Marlyse, qui joue cartes sur table avec les nouveaux, n’hésite pas à raconter avoir été « la seule Noire du Collège de droit ». Elle s’amuse d’ailleurs rétrospectivement de la manière dont certains étudiants d’Assas, qu’elle savait sympathisants de l’extrême droite, sont passés vis-à-vis d’elle « de l’ignorance à la curiosité et même à un certain intérêt en voyant mes résultats universitaires ». Jessica écoute ce récit, consciente que le cosmopolitisme parisien cache des failles, même si l’UPMC où elle est inscrite n’a rien du profil politique très droitier d’Assas.

Mais les conseils de Marlyse ne s’arrêtent pas aux études car, comme l’a rappelé Christophe Bouchard, « ces cinq années doivent aussi permettre de très belles rencontres et une ouverture à l’Europe ». La jeune Béninoise, qui assure du bénévolat à l’Association française des étudiants pour la ville (AFEV), aimerait transmettre ce goût de l’engagement auquel elle croit. Quand elle raconte, Chaïma boit ces paroles, déjà projetée dans le futur par les mots de sa tutrice et par un début de réflexion sur la vie d’après.

« Soft power » à la française

Si Marlyse pense commencer sa carrière en Europe, elle se dit « sûre qu’à la fin elle veut rentrer au Bénin ». Comme Moussa qui veut retourner au Burkina une fois diplômé pour « faire avancer le pays », « rendre » ce qu’on lui « a donné », dit-il. A l’inverse, Mohamed et Jessica se projettent déjà en Europe, « parce qu’il n’y a pas d’avenir dans mon pays, pas de recherche, et moi je veux être chercheuse en physique », explique la jeune Angolaise. « Et moi parce que je me sens tellement bien ici. J’y suis dans mon élément », poursuit Mohamed déjà au point sur les adresses des meilleures crêpes de la rue Mouffetard, dans le 5e arrondissement de la capitale.

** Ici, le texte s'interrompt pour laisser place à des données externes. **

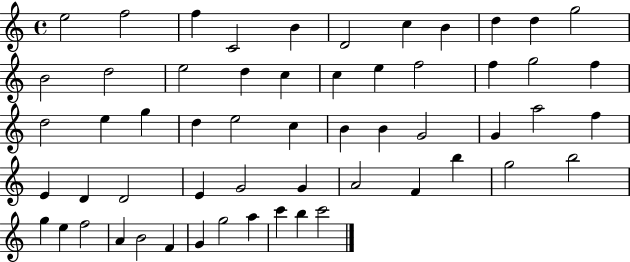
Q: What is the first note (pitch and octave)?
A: E5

L’AEFE ne dispose pas aujourd’hui du suivi des jeunes passés depuis 1990 par ces bourses d’excellence sur lesquelles la France investit chaque année 7 millions d’euros. Mais quelles que soient leurs stratégies professionnelles, ces élites, une fois dans la vie active, resteront des ambassadeurs de la culture qui les a formées, et auront « vocation à développer des partenariats économiques ou industriels avec leur lieu d’installation », comme le rappelle la brochure de l’AEFE.

C’est le pari du soft power à la française. Une bonne raison de vouloir développer le nombre de boursiers en Afrique subsaharienne, à l’heure où cette zone qui compte 8 millions d’étudiants est déjà bien courtisée. La Chine, dont on connaît l’appétit, fait d’ailleurs profiter de plus en plus de jeunes Africains d’un programme baptisé Rêve chinois et les entrées d’étudiants étrangers à Pékin ont augmenté de 75 % en cinq ans pour placer l’empire du Milieu au huitième rang des pays d’accueil. La France, elle, arrive bonne quatrième place (derrière les Etats-Unis, le Royaume-Uni et l’Australie) et près de la moitié des 325 000 étudiants en mobilité qu’elle accueille sont originaires d’Afrique.